Constructing a Tangent

I was recently asked for an elegant proof of the following problem. It’s based on a construction challenge from Euclidea.

Given: Circles A, B, and C, such that point C is on circle A, point B is on circles A and C, point E is on circles B and C, and point D is on all three circles.

Prove: $\overleftrightarrow{BE}$ is tangent to circle A.

In Euclidea, the challenge is to construct the tangent on circle A through point B given only those two objects. The most efficient solution is:

1. Draw a circle with center C (arbitrarily placed) on A, with B on that circle.
2. Draw a circle with center B, such that the intersection of circles A and C is on B.
3. Draw a line through the other intersection of circles B and C. This will be tangent to A at B.

The challenge I was given was to create as elegant a proof as possible.
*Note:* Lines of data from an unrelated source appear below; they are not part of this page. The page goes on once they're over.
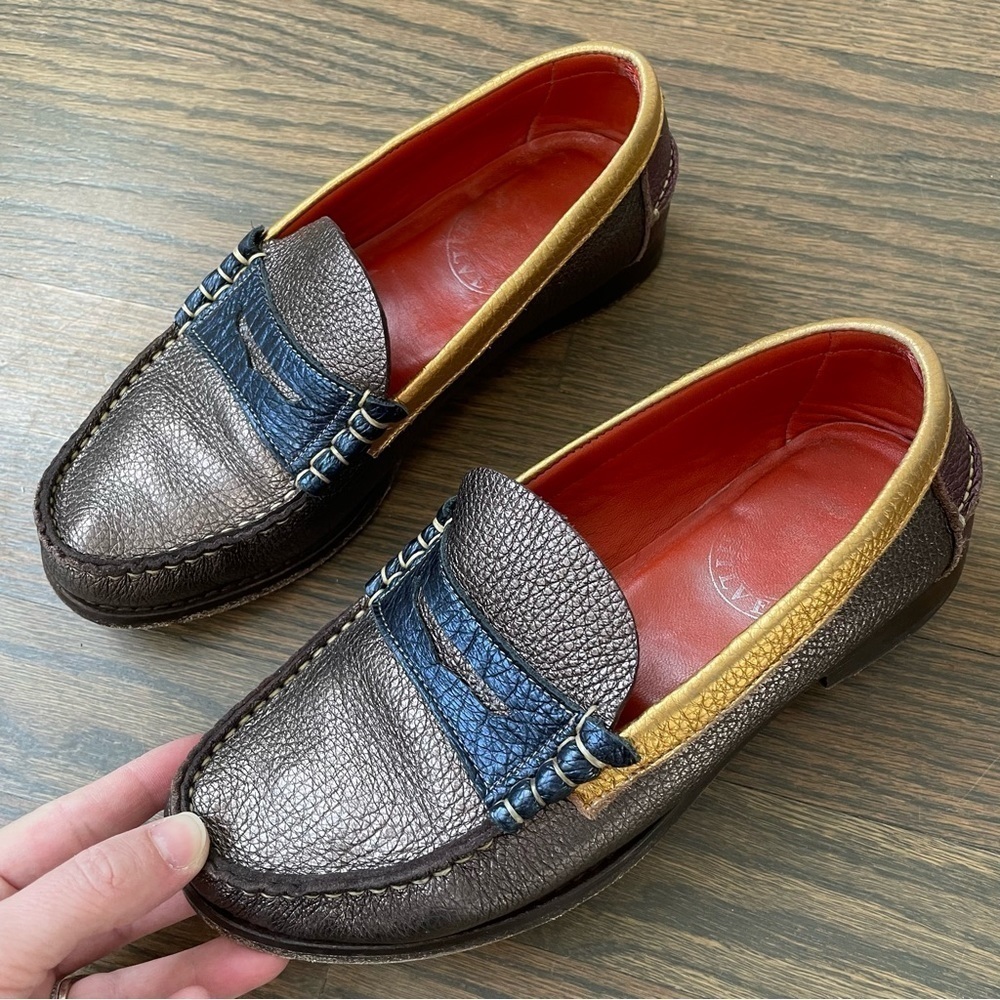 Penelope Chilvers Leather Metallic Patchwork Loafer Shoes EU 37 Made in Spain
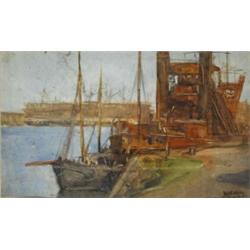 William Conor RHA RUA ROI (1881-1968), THE DREDGER - YORK DOCK, (BELFAST) 1908, signed lower...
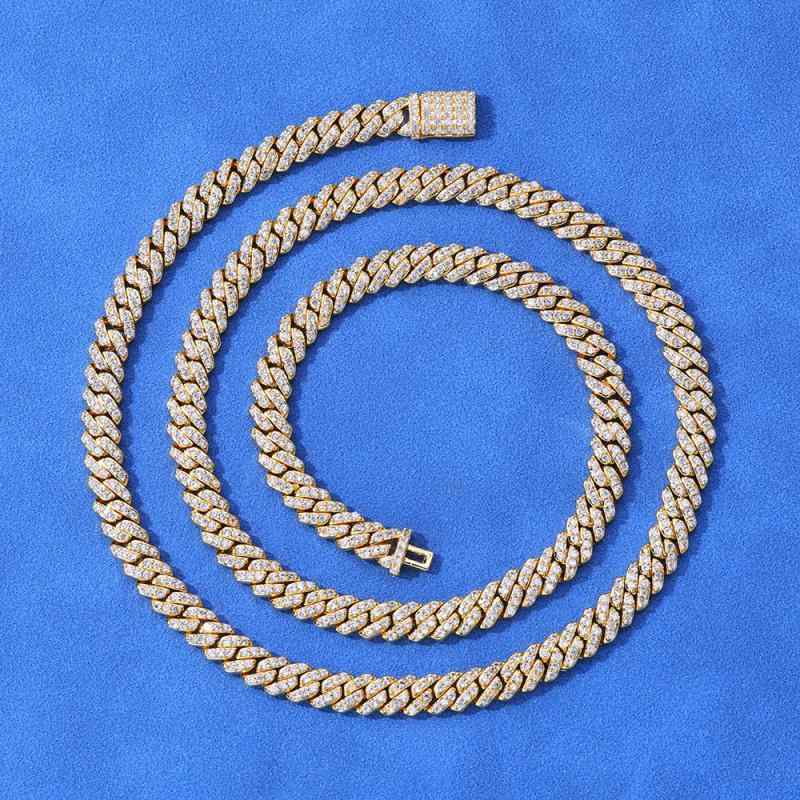 ネックレス メンズ 男性用 ヒップホップ ストリートファッション キューバンチェーン 6mm 単列 ジルコニア フルパヴェ 銅製 ゴールド プラチナカラー 高見え 高級感 万能 カジュアルアクセサリー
I have a proof; whether it is sufficiently elegant is a matter of opinion.

Here is a closeup of the diagram. I have drawn three triangles. The goal is to prove that $m\angle ABE = 90^\circ$.

Each of these triangles is isosceles; $\Delta BCD$ and $\Delta BCE$ each have two legs that are radii of circle C, while $\Delta BAD$ has two legs that are radii of circle A. Since they are radii of circle B, $\overline{BE}\cong\overline{BD}$. By SSS, $\Delta BCD \cong \Delta BCE$.

We can now isolate the concave pentagon and examine its interior angles.

Let $\alpha = m\angle CBD = m\angle CDB = m\angle CBE = m\angle CEB$, $\beta = m\angle BCD = m\angle BCE$, $\delta = m\angle BAD$, and $\gamma = m\angle ABD = m\angle ADB$.

By the Triangle Sum Theorem, we know that $2\alpha + \beta = 2\gamma + \delta = 180^\circ$.

Inscribed angles have half the measure of central angles, and inscribed $\angle BCD$ corresponds to the reflex of central $\angle BAD$, so $2\beta = 360^\circ – \delta$; thus, $\delta = 360^\circ – 2\beta$. By substitution, $2\gamma + 360^\circ – 2\beta = 180^\circ$. Simplify this to $\beta – \gamma = 90^\circ$.

Since we know $\beta = 180^\circ – 2\alpha$, substitute again to $180^\circ – 2\alpha – \gamma = 90^\circ$, that is, $2\alpha + \gamma = 90^\circ$.

We can see that $m\angle ABE = 2\alpha + \gamma = 90^\circ$. Thus $\overline{EB} \perp \overline{AB}$, QED.